Consta dos Estatutos do MPLA que é dever do militante combater todo o tipo de corrupção. O manifesto eleitoral 2017-2022 consagra como lema do MPLA: “Melhorar o que está Bem, Corrigir o que está mal”. Hoje o combate à corrupção, nepotismo e impunidade não é apenas uma bandeira do MPLA e do camarada Presidente, João Lourenço. É uma luta de todos os angolanos. Comungamos todos da ideia de que a corrupção e a impunidade têm um impacto negativo directo na capacidade do Estado executar qualquer programa de governação.

Temos estado a acompanhar a reforma do Estado e da Justiça, os esforços empreendidos no combate à fome e à pobreza, a eliminação paulatina das assimetrias regionais (…) uma série de medidas e acções desencadeadas pela Procuradoria-Geral da República, a IGAE e outros órgãos com vista a recuperação de activos depositados ilicitamente no exterior do País.

Aguardamos ansiosamente que estas medidas tenham reflexos positivos na vida das famílias angolanas.

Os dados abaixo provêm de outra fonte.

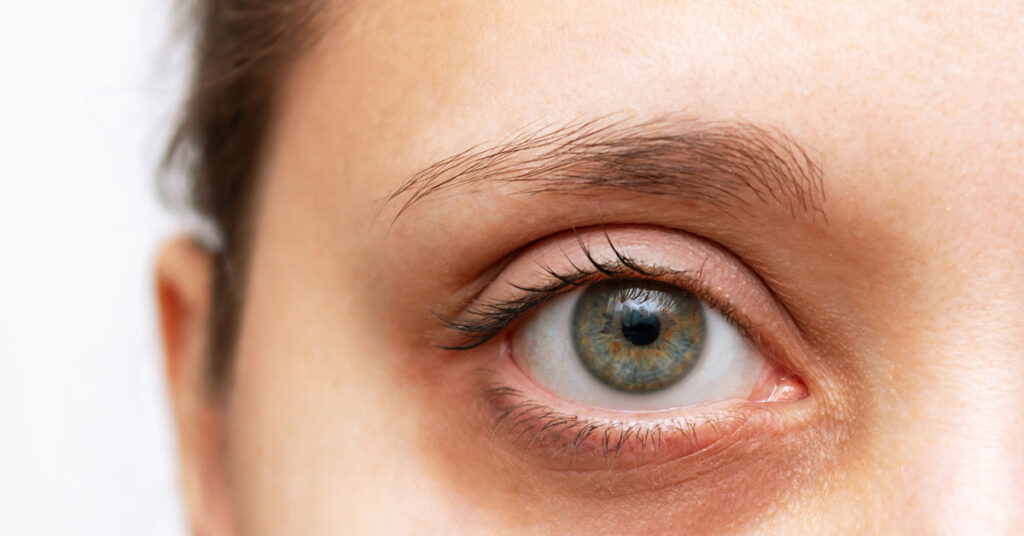 She Thought Her Twitching Eye Was Just Stress—The Shocking Diagnosis Changed Her Life Forever - Featured image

No entanto, a OMA tem dado o seu apoio total ao líder do nosso partido e contribuído na divulgação dos êxitos alcançados neste combate e, sobretudo, apelado à população que denuncie os casos de corrupção.

Qual é a sua visão sobre implementação das autarquias em Angola?
Elas devem ser implementadas de forma gradual. Já foram dados passos importantes no que diz respeito ao pacote legislativo e isso é bom.

Paralelamente ao pacote legislativo, na minha visão o debate deve manter-se e deve ser extensivo às localidades mais recônditas do País. Até hoje o que se assiste na televisão, nos jornais e nas rádios são os comentários feitos por analistas políticos. É importante ouvir também o cidadão que vive no interior sobre o assunto, uma vez que Angola tem 1.247.000 quilómetros quadrados e uma população estimada em mais de 30 milhões de habitantes.

Ouvir os jovens, por exemplo?
A juventude tem estado a manifestar-se para ver esse desejo concretizado, levando esse debate para as ruas. Ao nível do Parlamento cabe aos deputados a aprovação final do Pacote Legislativo Autárquico, permitindo que sejam dados outros passos na sua materialização efectiva e sem o qual o camarada Presidente da República, ficará difícil convocá-las de facto.

Moçambique elegeu como presidente da CNE, um bispo da Igreja anglicana. Que lição deve Angola tirar, uma vez que os resultados eleitorais são permanentemente contestados?
Não é suficiente a contestação. É importante a apresentação de provas fundamentadas que levam a essa mesma contestação. Até agora o que se fala não se prova e os resultados são reconhecidos pelas organizações das Nações Unidas. E isso faz com que não se coloque em causa a credibilidade da CNE que tem desempenhado com isenção e imparcialidade o seu trabalho.

O que tem acontecido, no meu entender, é que alguns partidos políticos quando perdem buscam argumentos para justificar a rejeição do eleitor. Aliás, temos o caso mais recente dos Estados Unidos da América, considerada a mais antiga democracia do mundo, o conservador Donald Trump contestou o resultado por não lhe ser favorável. Moçambique elegeu Dom Carlos para presidir à CNE, mas nem sempre as fórmulas de fora cabem no nosso País. Contudo, faço votos de que Moçambique tenha êxitos.

BI de Joana Tomás
Membro do Comité Nacional da OMA, Joana Tomás ficou conhecida pelas suas reportagens na Televisão Pública de Angola (TPA).

Foi indicada pelo Bureau Político como candidata ao cargo de Secretária-Geral da Organização da Mulher Angolana (OMA), cuja eleição acontece em Março de 2021.

Ingressou no Bureau Político, no congresso extraordinário de 2018.

Formada no Brasil, Joana Tomás foi desde 2018 directora do canal internacional da TPA, cargo que ocupa depois de ter sido delegada da TPA na província do Cuando Cubango.